What to produce: Given these entries, repeat exactly the lines starting with the one that has "Fermeture-terr" and going on through the one that has "Fot. Romuald Broniarek, zbiory Ośrodka KARTA", both included, but none of the pictures.

Records provided:
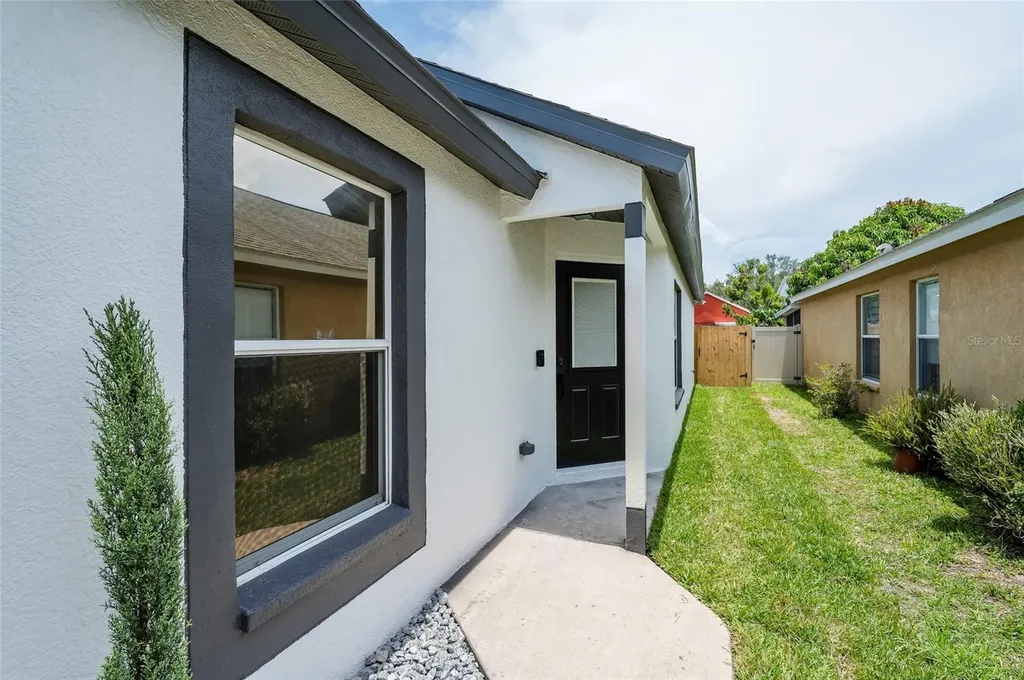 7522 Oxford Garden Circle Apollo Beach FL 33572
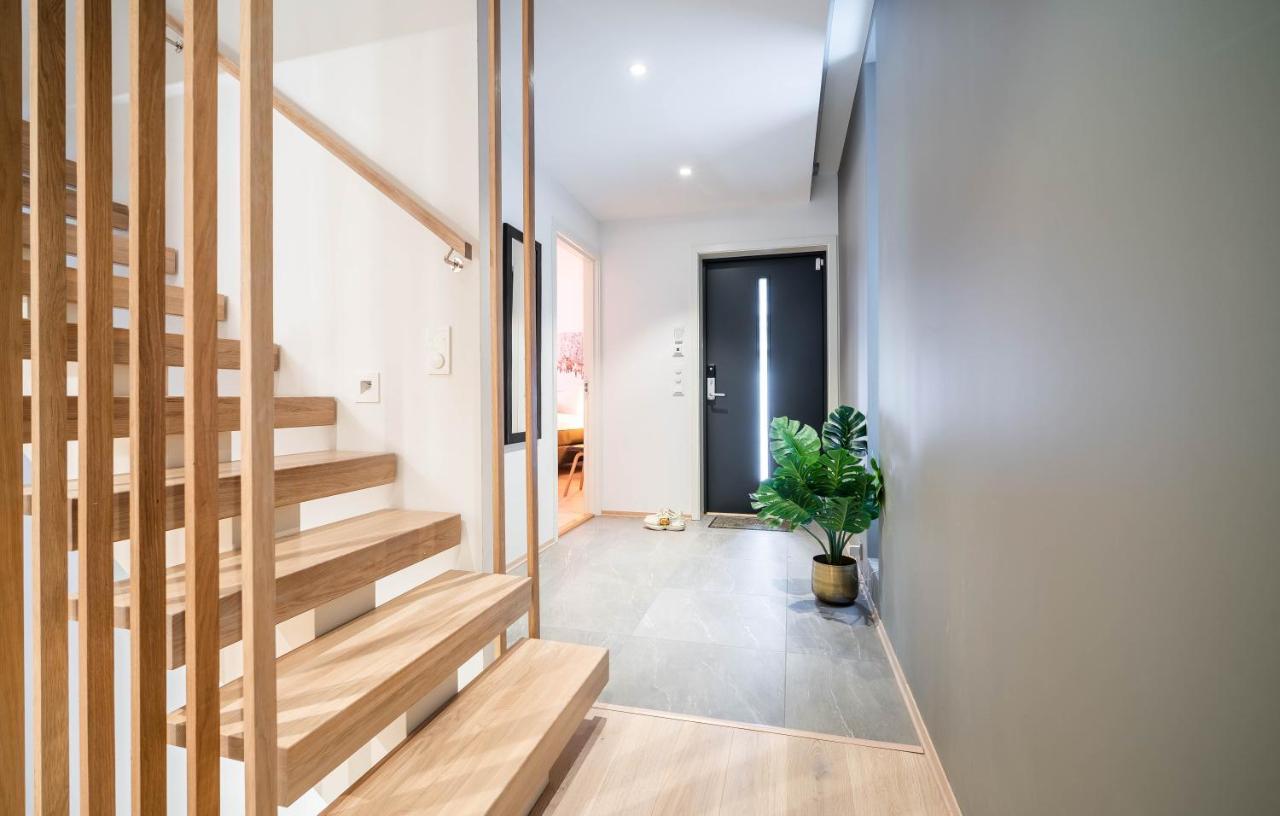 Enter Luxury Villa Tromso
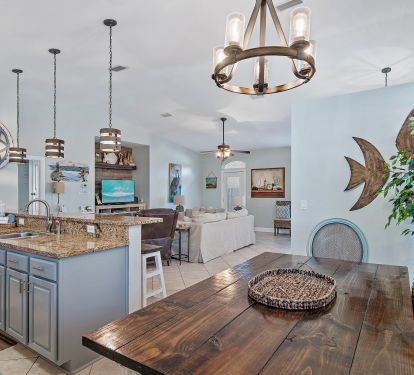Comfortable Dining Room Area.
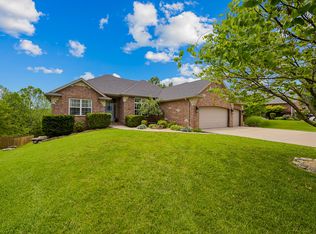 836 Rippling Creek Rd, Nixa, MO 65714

...

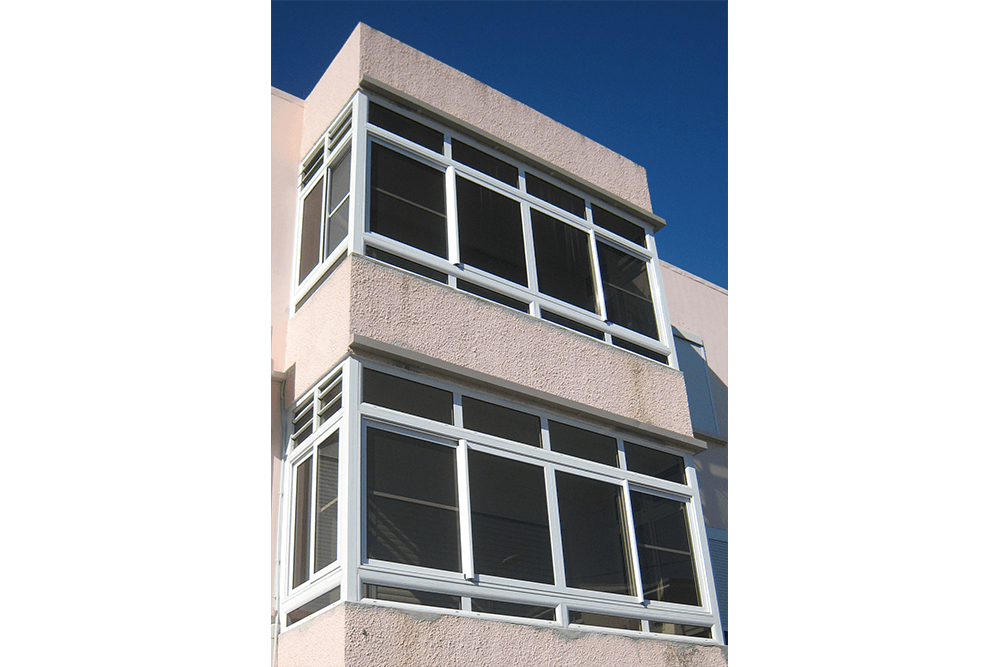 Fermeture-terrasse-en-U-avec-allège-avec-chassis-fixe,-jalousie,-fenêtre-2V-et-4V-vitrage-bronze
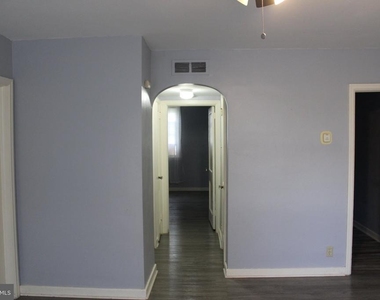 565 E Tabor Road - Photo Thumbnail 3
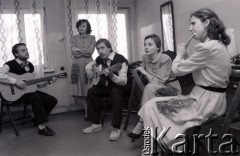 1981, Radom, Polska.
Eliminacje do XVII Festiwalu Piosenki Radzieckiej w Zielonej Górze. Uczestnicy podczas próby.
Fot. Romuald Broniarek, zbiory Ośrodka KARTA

...

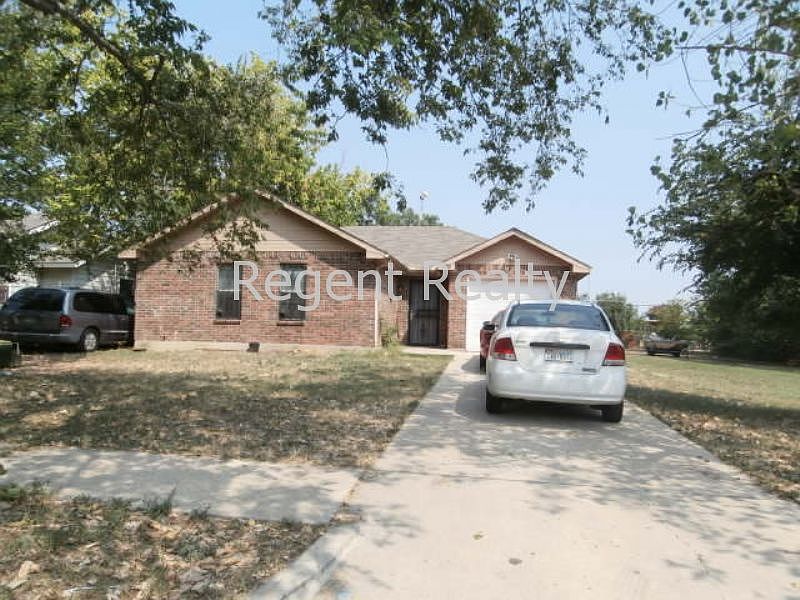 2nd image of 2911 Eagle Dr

Exercise result:
 Fermeture-terrasse-en-U-avec-allège-avec-chassis-fixe,-jalousie,-fenêtre-2V-et-4V-vitrage-bronze
 565 E Tabor Road - Photo Thumbnail 3
 1981, Radom, Polska.
Eliminacje do XVII Festiwalu Piosenki Radzieckiej w Zielonej Górze. Uczestnicy podczas próby.
Fot. Romuald Broniarek, zbiory Ośrodka KARTA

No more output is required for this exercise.